Happy National Grammar Day! If you’ve been reading me for a while, you likely know I have a bit of a fixation on grammar. And spelling. And language. Nothing aggrieves me more than getting a mass email at work from “You’re Social Committee”.
I’ve marked this occasion (I’m loath to call it a holiday) in the past by flying my language-freak flag with a tea towel, and one fun if amateurish t-shirt. I shouldn’t be so hard on the shirt, actually. Despite its clearly homemade vibe, it doubles as a nod to The Simpsons and still makes me laugh. A few weeks ago, I found the perfect design to try my hand at another shirt, and kept my fingers crossed that the execution would work as well as the idea.
I started out with a plain maroon t-shirt from Michaels, and some silvery heat transfer vinyl, and got the design ready to cut on my Silhouette cutting machine. (A note: this picture is the most accurate representation of the shirt’s colour. Don’t ask me what happened in the later pictures.)
This is the back side of my cut. See the outlines of the letters?

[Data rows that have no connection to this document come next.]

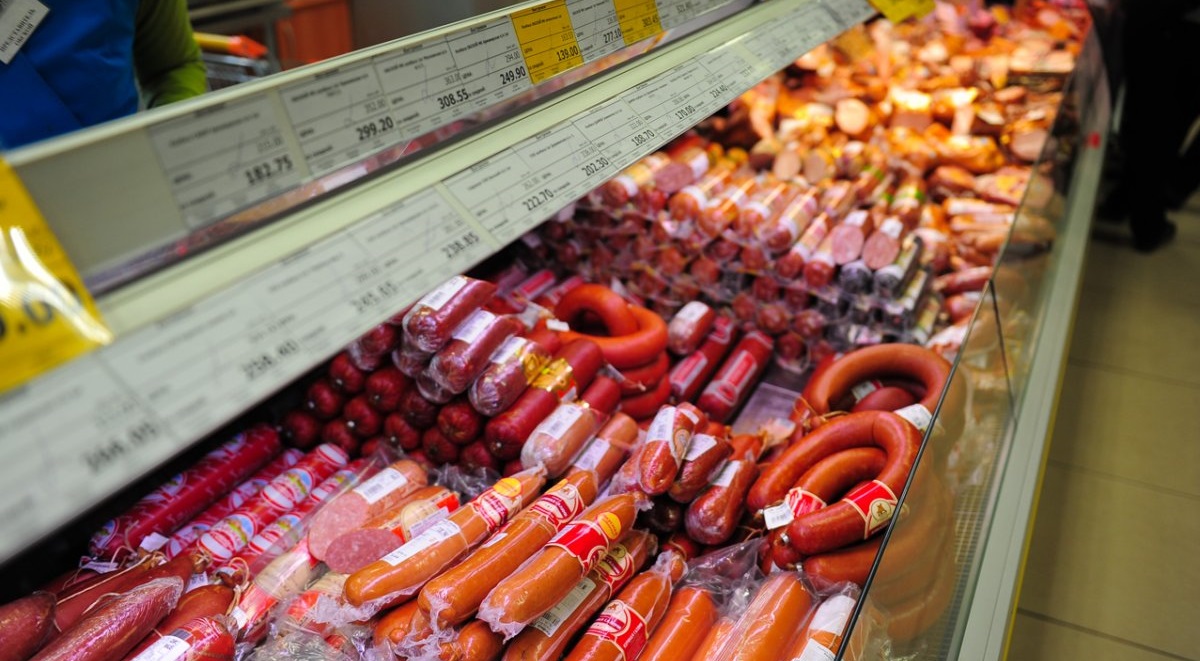 Роскачество составило список компаний, выпускающих колбасные изделия, вредные для здоровья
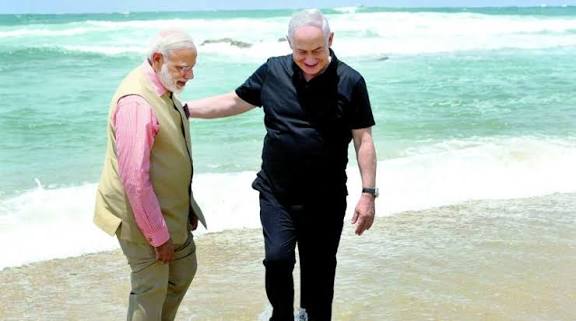 Mossad Commentary (@mossadil) on Twitter photo BROMANCE: 🇮🇱🤝🇮🇳
Netanyahu sends birthday wishes to Modi, the bromance continues.
Any Indian friends here? Drop a 👋 in the comments!
Stay connected, follow <a href="/MOSSADil/">Mossad Commentary</a>. BROMANCE: 🇮🇱🤝🇮🇳
Netanyahu sends birthday wishes to Modi, the bromance continues.
Any Indian friends here? Drop a 👋 in the comments!
Stay connected, follow <a href="/MOSSADil/">Mossad Commentary</a>.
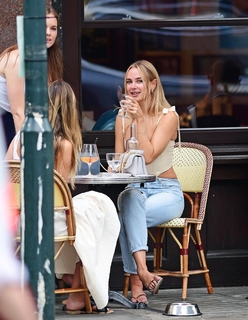 Kimberley Garner feet photo thumbnail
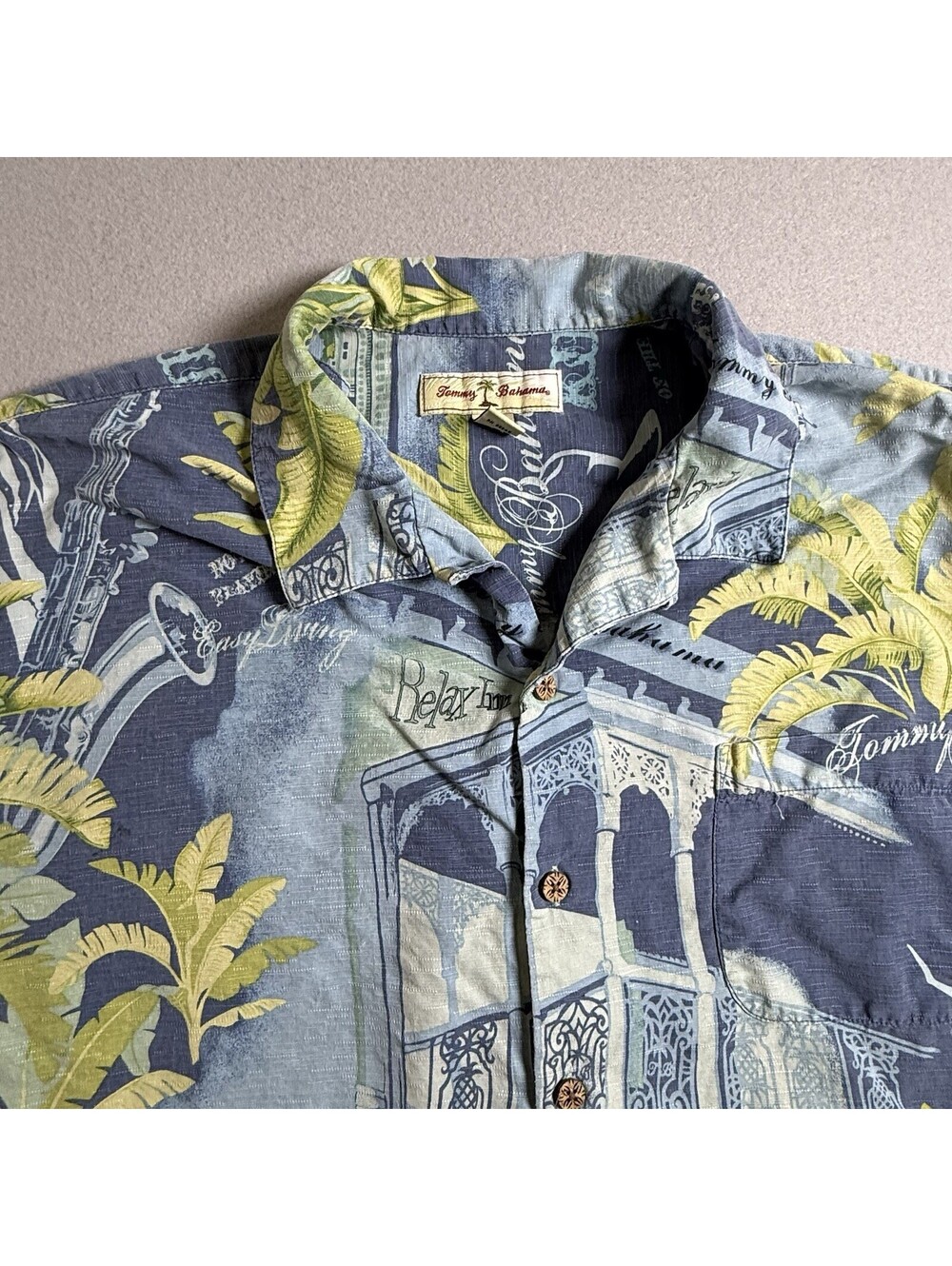 TOMMY BAHAMA SILK SHIRT MENS XL King Of The Blues Saxophone Easy Street Hawaiian - Picture 6 of 8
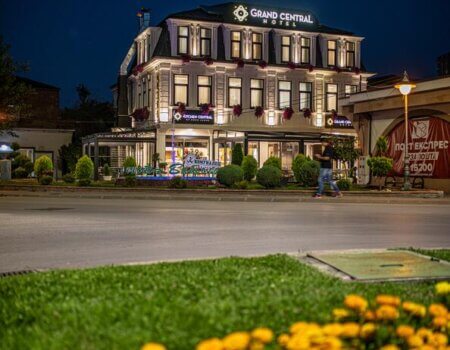 wta_2663_Hotel Macedonia Roe Deer 2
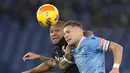 Bek Udinese Samir berebut bola dengan penyerang Lazio Ciro Immobile pada pekan ke-15 Liga Italia di Olimpico Stadium, Jumat (3/12/2021). Lazio harus puas berbagi poin setelah ditahan imbang Udinese 4-4. (AP Photo/Gregorio Borgia)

A confession: it took me two tries to get this cut out properly. When I initially adjusted my cut settings for “heat transfer vinyl, metallic”, it cut straight through the vinyl and the plastic carrier sheet. When I adjusted them to “heat transfer vinyl, smooth”, it didn’t cut quite all the way through the vinyl on the first pass, and I had to feed it back into the machine for a second go.
While I was weeding the excess vinyl from my design, I discovered that if I pulled/stretched it too much, it sprang back on itself like curly ribbon – you can see a little bit of that above. Between my cutting issues and weeding issues, I should have realized how finicky this stuff was going to be.
Did I mention that this metallic vinyl was finicky? After following the application instructions, I still found that parts of it really, really liked hanging on to the plastic carrier sheet and were reluctant to adhere to the shirt (although an extra taste of my heat press solved that). It’s a bit hard to see in this shot, but the serif on the bottom of the “r” in “your” positively refused to join the rest of the letter, and the serif on the bottom of “I” folded over upon itself. Finicky.
Although the instructions advise to wait 24 hours before laundering my newly festooned garment, and it’s been several times that, I’m still convinced this (finicky, finicky) stuff will all slide off the first time I wash it. But I have pictures now to prove that, however briefly, I had an almost-professional looking grammar shirt.